_Task requirements_. Where an entry holds an image, leave the image out; otherwise reproduce the entry exactly.

_Records_.
- - - -
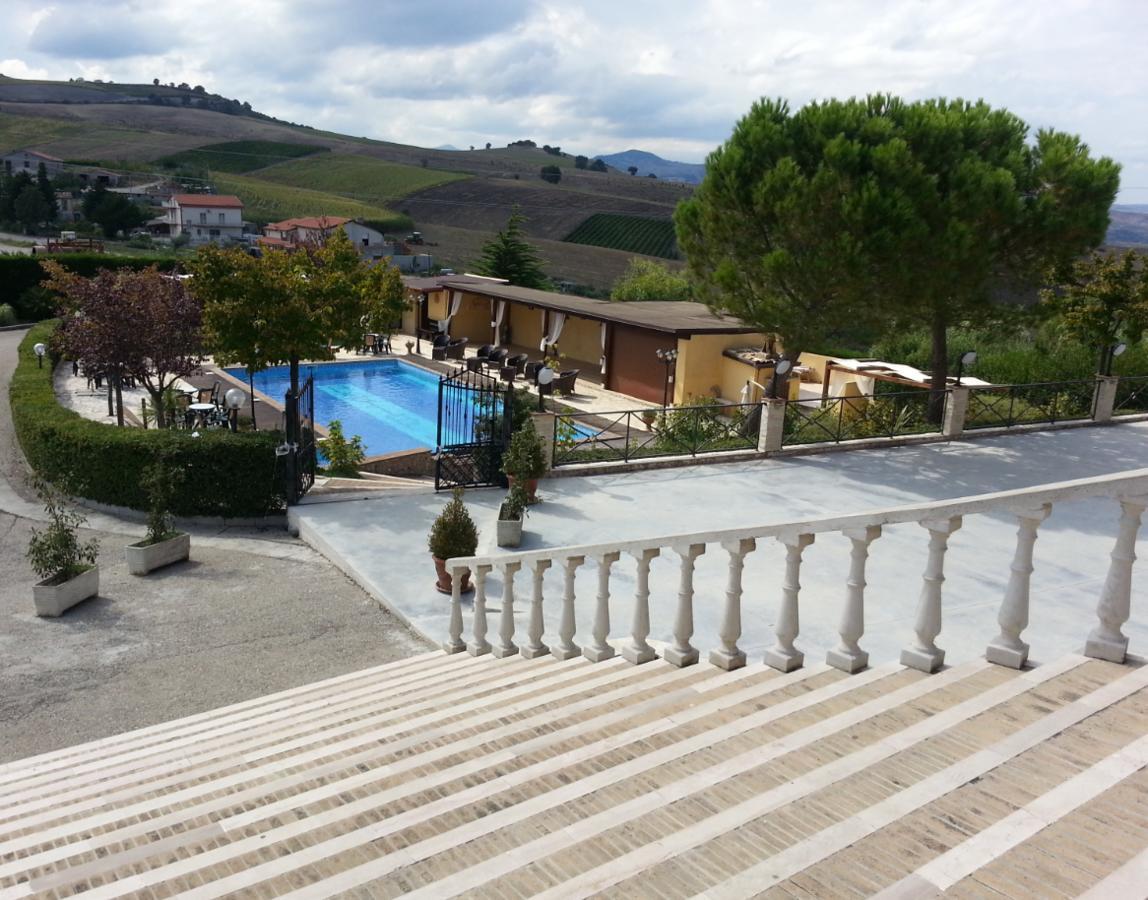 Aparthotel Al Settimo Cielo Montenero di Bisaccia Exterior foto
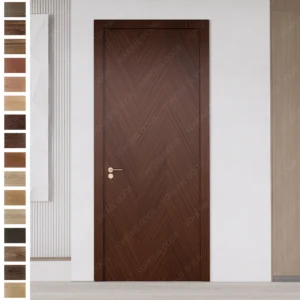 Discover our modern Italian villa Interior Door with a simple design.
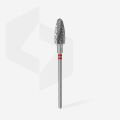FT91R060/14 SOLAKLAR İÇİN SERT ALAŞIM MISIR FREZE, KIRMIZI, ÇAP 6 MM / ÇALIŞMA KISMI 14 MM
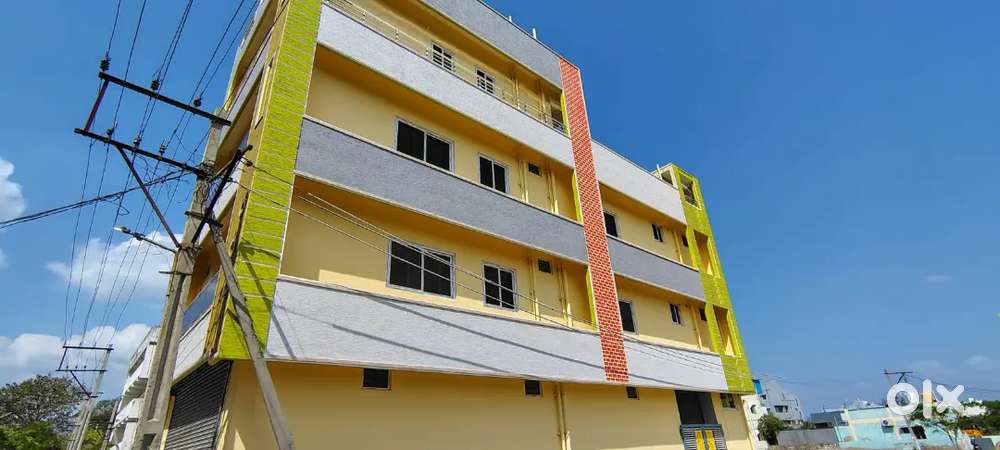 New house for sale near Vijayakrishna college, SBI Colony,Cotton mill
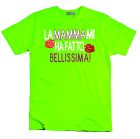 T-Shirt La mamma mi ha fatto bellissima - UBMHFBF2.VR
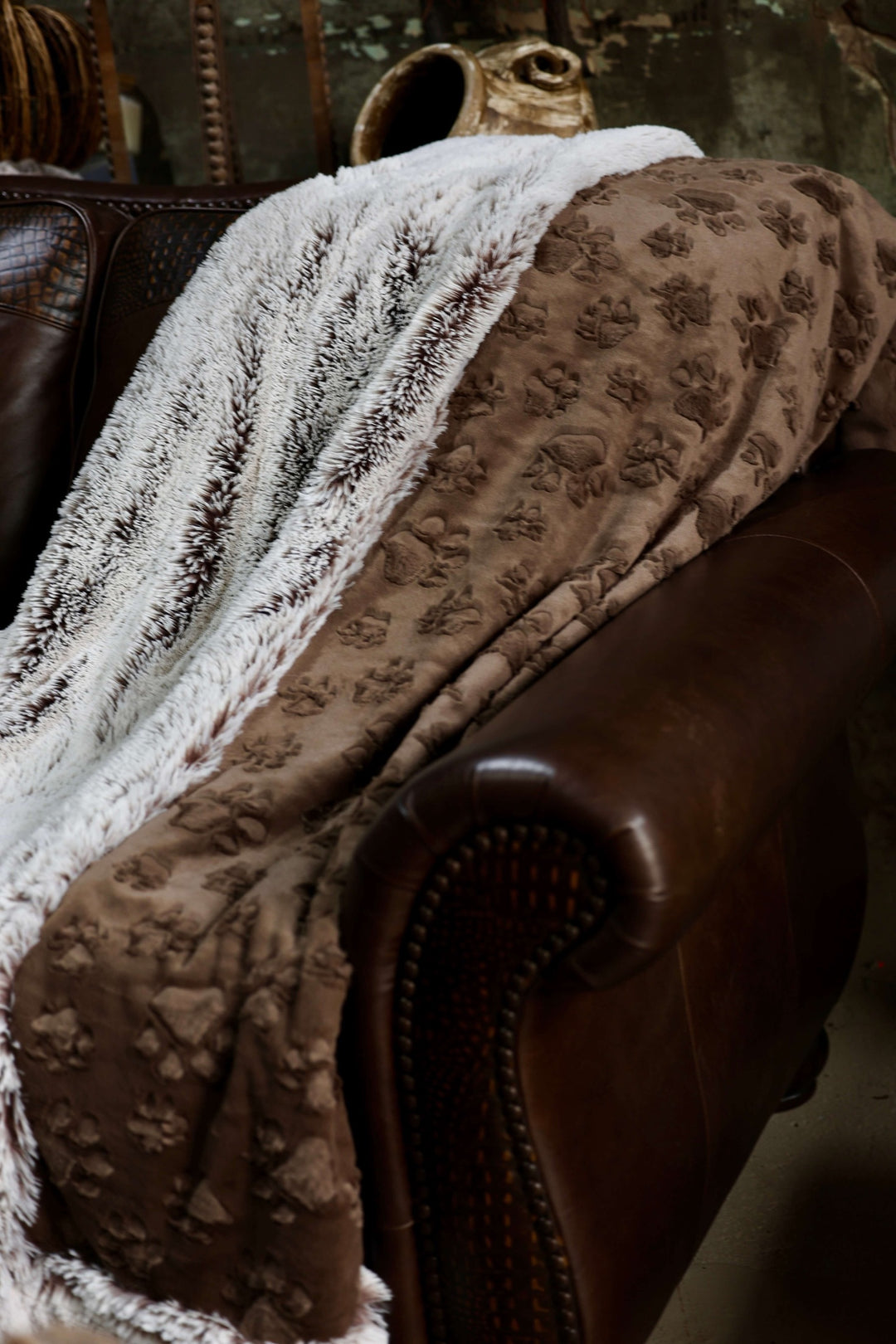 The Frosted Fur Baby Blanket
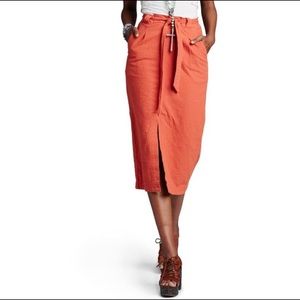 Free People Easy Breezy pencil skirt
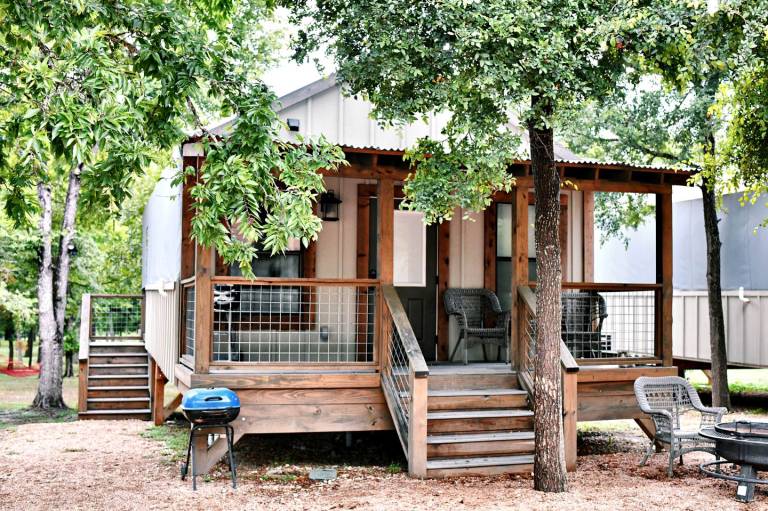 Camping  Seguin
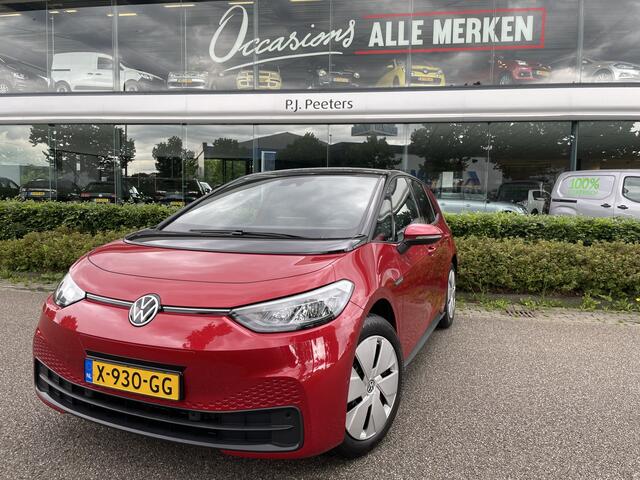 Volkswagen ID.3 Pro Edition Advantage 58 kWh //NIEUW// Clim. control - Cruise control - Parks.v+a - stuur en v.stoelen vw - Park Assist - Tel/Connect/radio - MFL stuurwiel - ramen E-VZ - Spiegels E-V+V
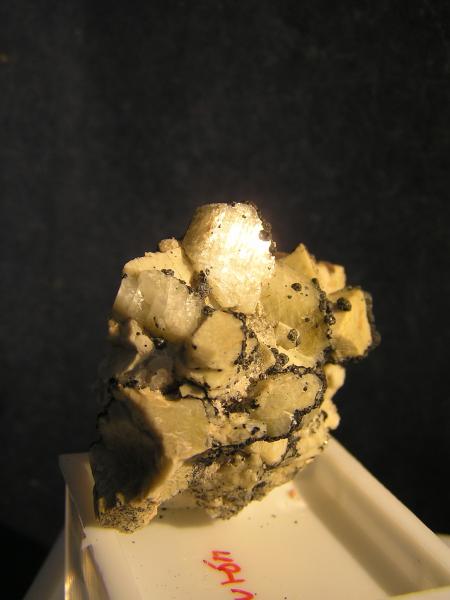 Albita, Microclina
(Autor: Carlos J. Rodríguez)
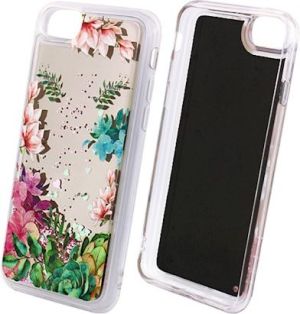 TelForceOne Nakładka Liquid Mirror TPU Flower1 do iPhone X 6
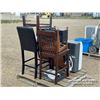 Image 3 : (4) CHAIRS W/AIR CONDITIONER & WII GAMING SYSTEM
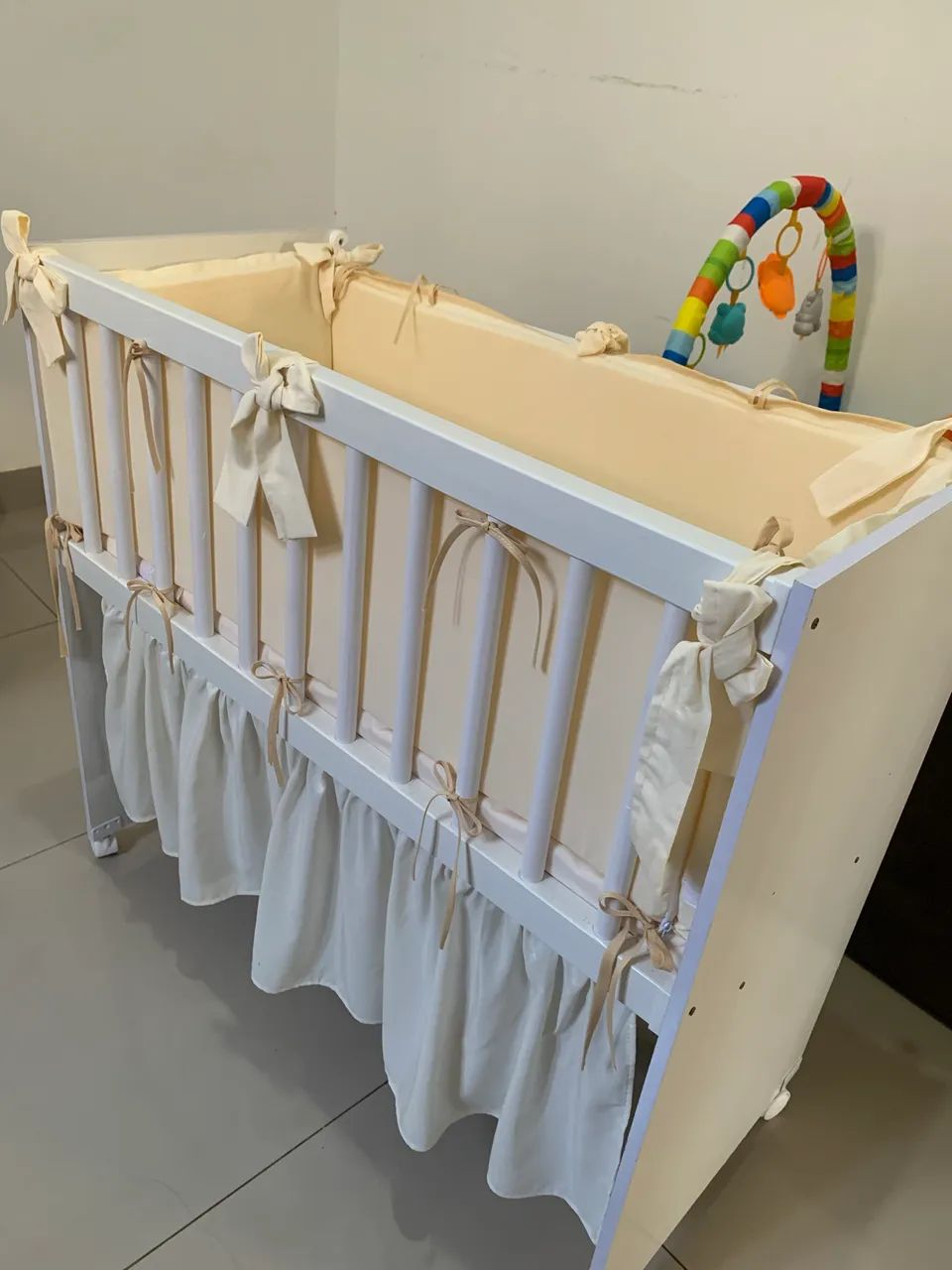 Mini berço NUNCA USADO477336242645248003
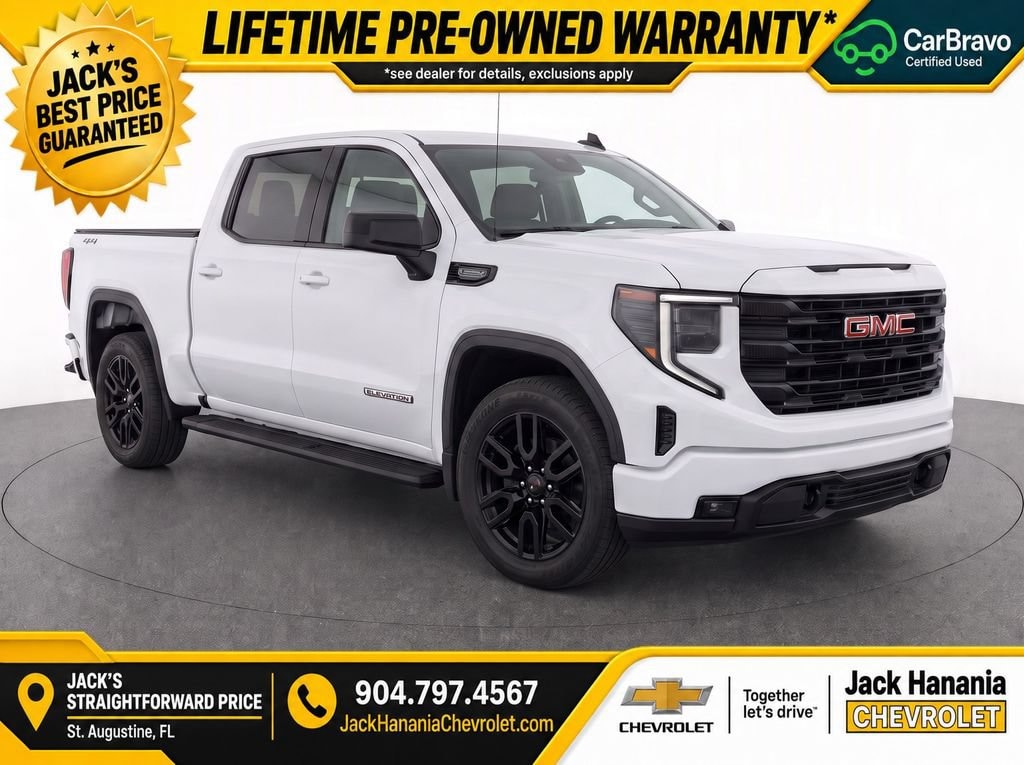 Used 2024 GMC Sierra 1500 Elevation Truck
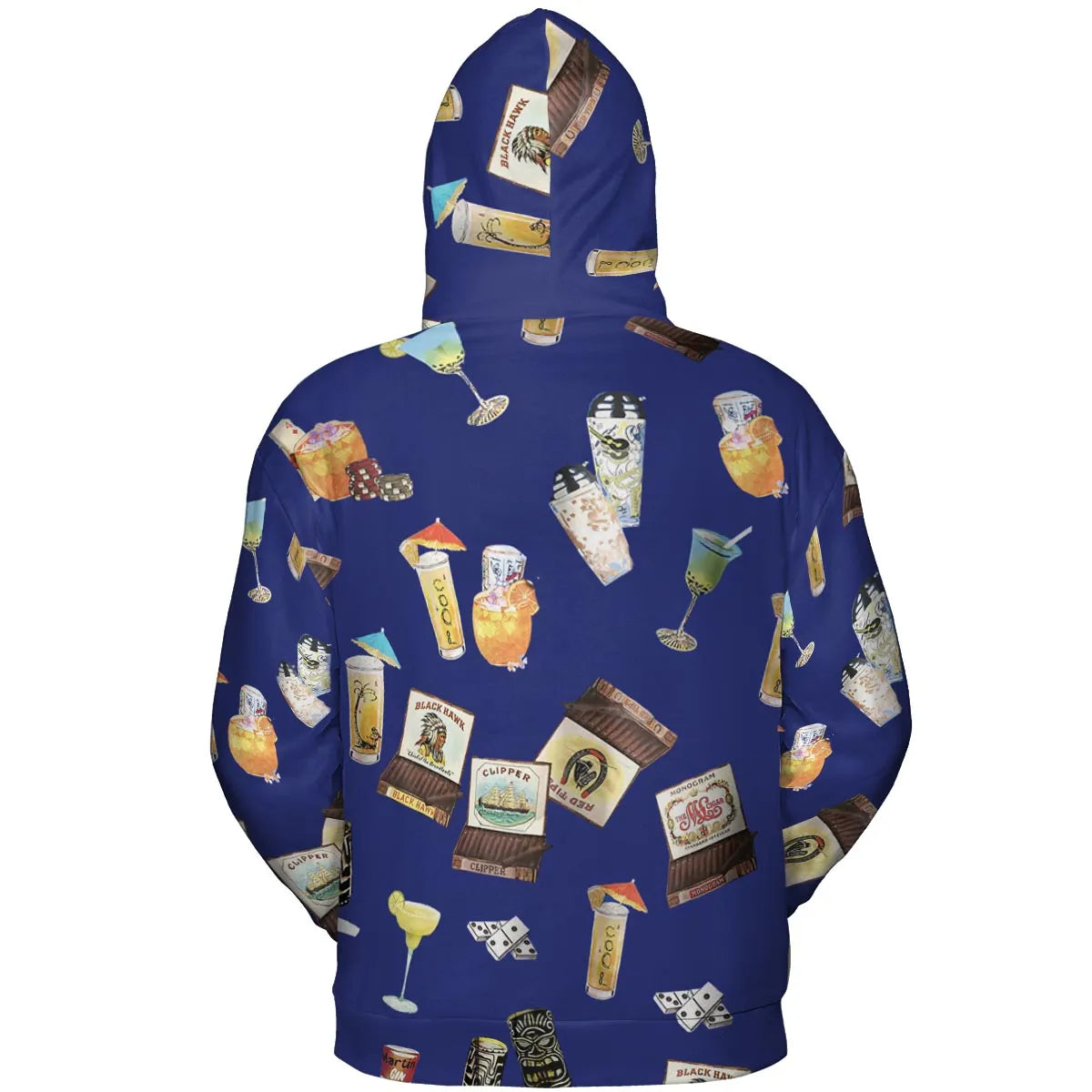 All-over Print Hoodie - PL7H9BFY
- - - -
_Answer below_.
 Aparthotel Al Settimo Cielo Montenero di Bisaccia Exterior foto
 Discover our modern Italian villa Interior Door with a simple design.
FT91R060/14 SOLAKLAR İÇİN SERT ALAŞIM MISIR FREZE, KIRMIZI, ÇAP 6 MM / ÇALIŞMA KISMI 14 MM
 New house for sale near Vijayakrishna college, SBI Colony,Cotton mill
 T-Shirt La mamma mi ha fatto bellissima - UBMHFBF2.VR
 The Frosted Fur Baby Blanket
 Free People Easy Breezy pencil skirt
 Camping  Seguin
 Volkswagen ID.3 Pro Edition Advantage 58 kWh //NIEUW// Clim. control - Cruise control - Parks.v+a - stuur en v.stoelen vw - Park Assist - Tel/Connect/radio - MFL stuurwiel - ramen E-VZ - Spiegels E-V+V
 Albita, Microclina
(Autor: Carlos J. Rodríguez)
 TelForceOne Nakładka Liquid Mirror TPU Flower1 do iPhone X 6
 Image 3 : (4) CHAIRS W/AIR CONDITIONER & WII GAMING SYSTEM
 Mini berço NUNCA USADO477336242645248003
 Used 2024 GMC Sierra 1500 Elevation Truck
 All-over Print Hoodie - PL7H9BFY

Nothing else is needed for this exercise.